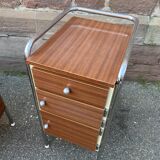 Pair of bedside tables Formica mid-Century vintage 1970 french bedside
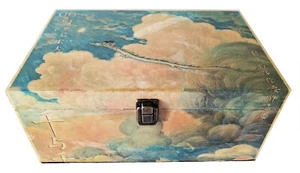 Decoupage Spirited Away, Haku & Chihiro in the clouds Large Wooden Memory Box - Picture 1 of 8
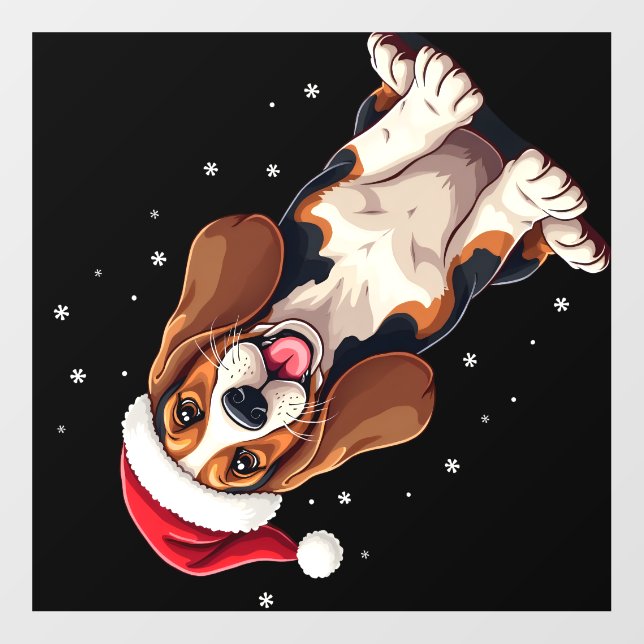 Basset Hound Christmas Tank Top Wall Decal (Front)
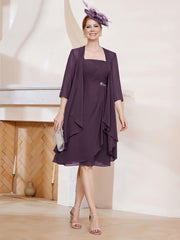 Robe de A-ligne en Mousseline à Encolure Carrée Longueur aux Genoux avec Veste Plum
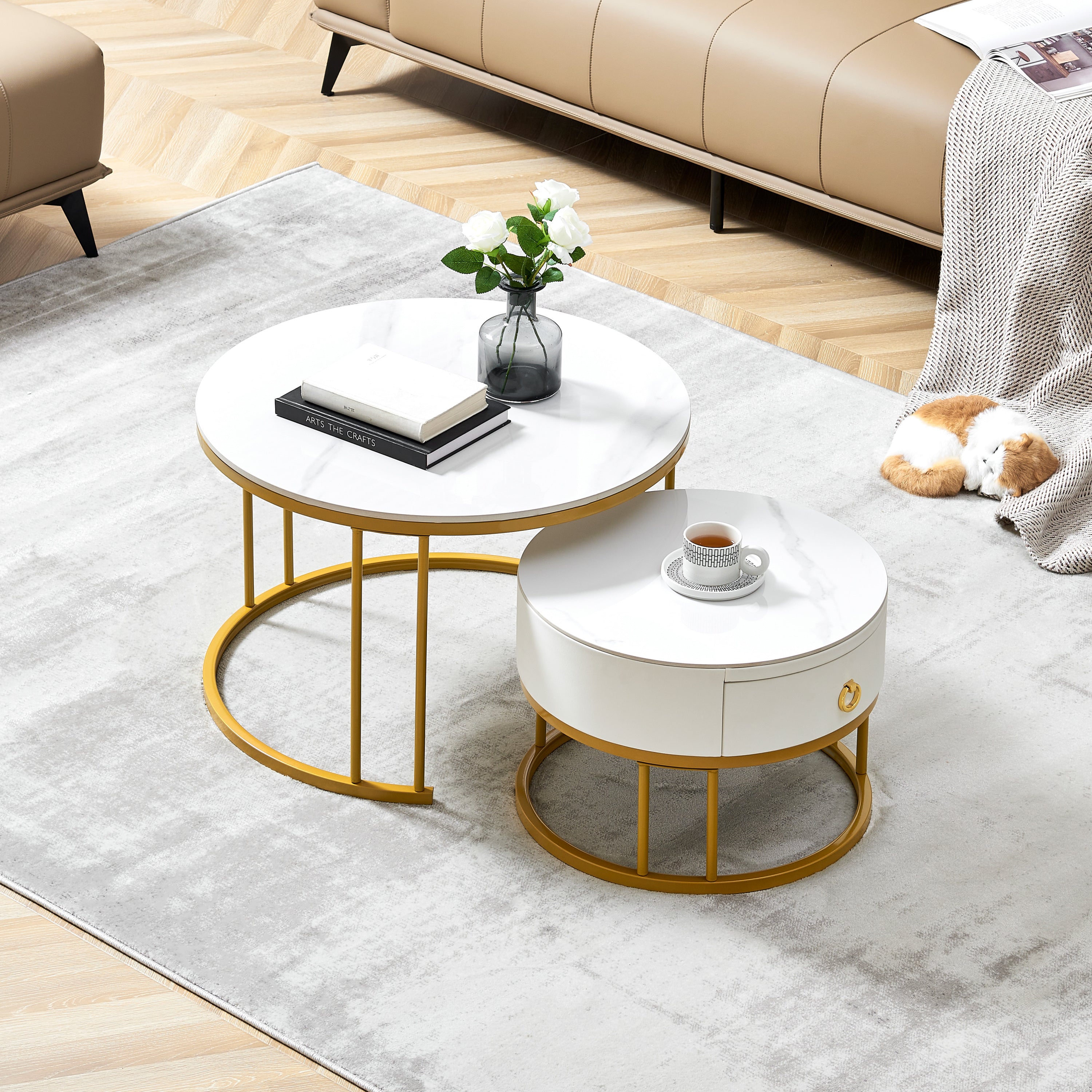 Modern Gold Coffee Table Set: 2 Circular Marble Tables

########

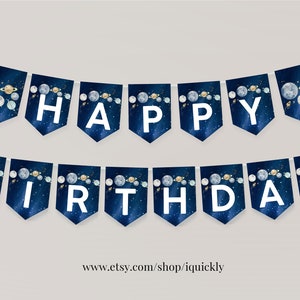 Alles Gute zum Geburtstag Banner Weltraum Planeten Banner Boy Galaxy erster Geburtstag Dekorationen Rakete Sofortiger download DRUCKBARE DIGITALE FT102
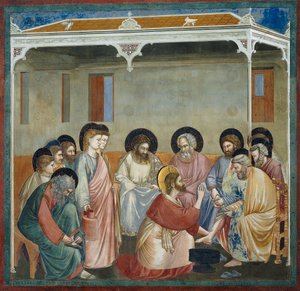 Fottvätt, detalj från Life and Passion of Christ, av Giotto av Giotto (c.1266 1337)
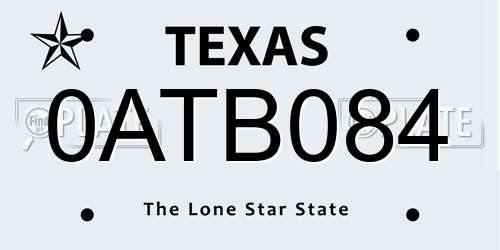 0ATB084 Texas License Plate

########

• Task details
Everything above from the line containing "Pair of bedside" through the line containing "Modern Gold Coffee" must be repeated exactly, and the pictures must be left out.

• Problem solution
 Pair of bedside tables Formica mid-Century vintage 1970 french bedside
 Decoupage Spirited Away, Haku & Chihiro in the clouds Large Wooden Memory Box - Picture 1 of 8
 Basset Hound Christmas Tank Top Wall Decal (Front)
 Robe de A-ligne en Mousseline à Encolure Carrée Longueur aux Genoux avec Veste Plum
 Modern Gold Coffee Table Set: 2 Circular Marble Tables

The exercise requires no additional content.